The London-headquartered outfit apparently adjusted to the lockdown “very well indeed”, with remote-workers using video conferencing tech for internal and client meetings; online programmes, such as handy electronic signature tool, ‘DocuSign’; and even an “exclusive in-house developed app” to transition back to the office. That said, one trainee complains that the firm “could have provided us with computer screens rather than expecting us to buy them ourselves when most of us usually work off of two screens”.
The money is pretty good for a private client outfit — especially in view of the decent work/life balance. While we hear that “there are some late nights and it depends on department”, the partners and senior fee earners “want you to have a life and they will make comments if you’re working too late consistently. You do feel they are grateful when you stay late to help out.” Last year, Charles Russell Speechlys confirmed around £163 million in revenue, with profit per equity partner sitting at £426,000 each. The firm has yet to release its latest results.
There is also a decent chance of going on a secondment, with droves of trainees completing client and international secondments. Destinations include ITV, Actis and Charles Russell Speechlys’ Swiss offices.
However, such opportunities aside, the perks aren’t great. The gym subsidy is “rubbish”, apparently. Though “work massages during well-being weeks are a treat”, and the firm’s sponsorship deal with Somerset House in London has yielded some decent benefits. Lawyers also receive a “generous pension” and free private healthcare – but no dental insurance. There are also a few gripes about the London office, which is being refurbished one floor at a time. While the new floors are “amazing”, particularly the “snazzy” ninth floor, some of the older space “is looking very tired”. Fortunately, that will soon change. The firm is coordinating the roll-out of new agile working-promoting laptops with the refit. The litigation team, who are based on the acclaimed ninth floor, already have theirs and others will follow shortly. Meanwhile, a recent refurbishment of the Cheltenham office “has really worked wonders”, says one trainee.
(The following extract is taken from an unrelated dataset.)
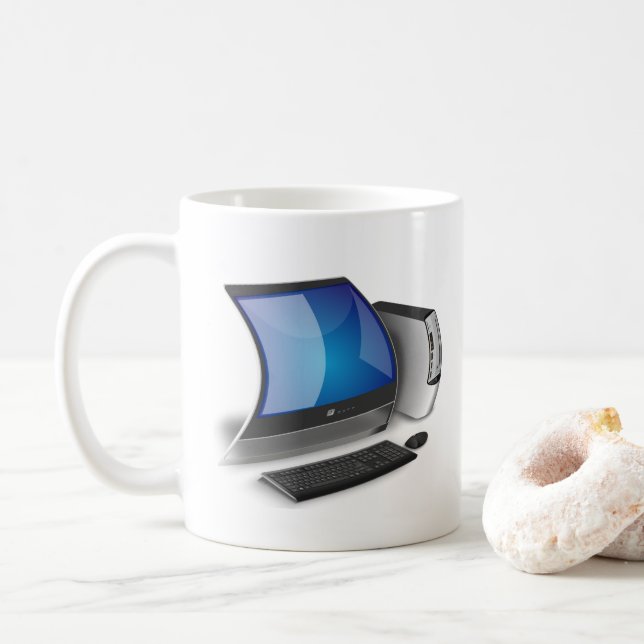 Jag gillar min databehandling elastisk kaffemugg (Med munk)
The London office is the only one with its own canteen and serves all food in eco-friendly ‘VegWare’ packaging. ‘Charlies’ is apparently “really underestimated”. One trainee sums it up as such: “[T]here’s so much choice it’s incredible and they really pull out all the stops for various themed events (Chinese New Year/FIFA World Cup etc.) Plus the space is great to use for general catch-ups.” The firm has also moved away from disposable coffee and water cups, instead providing staff with reusable ‘Keep Cups’.